Review ordered into tax reliefs for owners of historic homes

Section 482 review follows high-profile cases of ‘big houses’ in trouble

Minister for Arts, Heritage, Regional, Rural and Gaeltacht Affairs Heather Humphreys announced the review of the tax breaks allowed to the owners of historic houses. Photograph: Gareth Chaney/Collins

Minister for Arts, Heritage, Regional, Rural and Gaeltacht Affairs Heather Humphreys announced the review of the tax breaks allowed to the owners of historic houses. Photograph: Gareth Chaney/Collins

 

The Government has announced a review of the tax breaks allowed to the owners of historic houses.

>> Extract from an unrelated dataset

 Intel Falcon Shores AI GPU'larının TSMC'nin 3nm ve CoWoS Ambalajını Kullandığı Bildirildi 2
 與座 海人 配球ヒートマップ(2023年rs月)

Section 482 of the Taxes Consolidation Act, 1997, allows owners of so-called big houses tax relief on repairing, maintaining and restoring their properties.

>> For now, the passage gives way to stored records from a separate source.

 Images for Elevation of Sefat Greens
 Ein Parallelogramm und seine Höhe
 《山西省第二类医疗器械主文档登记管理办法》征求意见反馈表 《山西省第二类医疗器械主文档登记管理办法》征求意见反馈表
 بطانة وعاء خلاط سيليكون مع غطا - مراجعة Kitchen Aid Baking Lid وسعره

A condition of the scheme is that the property be open to the public for a minimum numbers of days each year, or in use as a registered guest house.

Minister for Arts, Heritage, Regional, Rural and Gaeltacht Affairs Heather Humphreys announced the review. It was recommended in An Action Plan for the Sustainable Future of the Irish Historic House in Private Ownership, published in 2015.

The cost of maintaining historic properties has led to a number of high-profile cases of the owners of historic homes getting into financial difficulty.

The Alfred Beit Foundation, which runs Russborough House in Co Wicklow, was forced to sell €7 million worth of its old-master paintings from the Beit collection because of its ongoing financial difficulties.

Westport House

In January, Westport House, the home of the Browne family for 300 years, was sold to the Hughes family locally, though there was pressure on the State to buy the house and grounds.

The Hughes family has pledged to keep it open to the public and to invest €50 million in it as a tourism attraction.

There have also been calls for the State to buy Luggala Lodge and estate in Co Wicklow, which is on the market for €28 million. Its owner, Garech Browne, is selling up because he seldom spends time there now.

The Minister’s spokeswoman said the action plan made it clear the State did not have the resources or the desire to acquire these properties.

Instead, she said, the Minister was interested in finding ways to make Section 482 relief suitable for estate owners.

“She wants to know what the State can do to try and assist more, recognising how important these heritage properties are,” she said.

The review is being undertaken by the Department of Arts, Heritage, Regional, Rural and Gaeltacht Affairs and the Department of Finance, with support from the Revenue Commissioners.

Interested parties are invited to make submissions. The closing date for submissions is March 24th.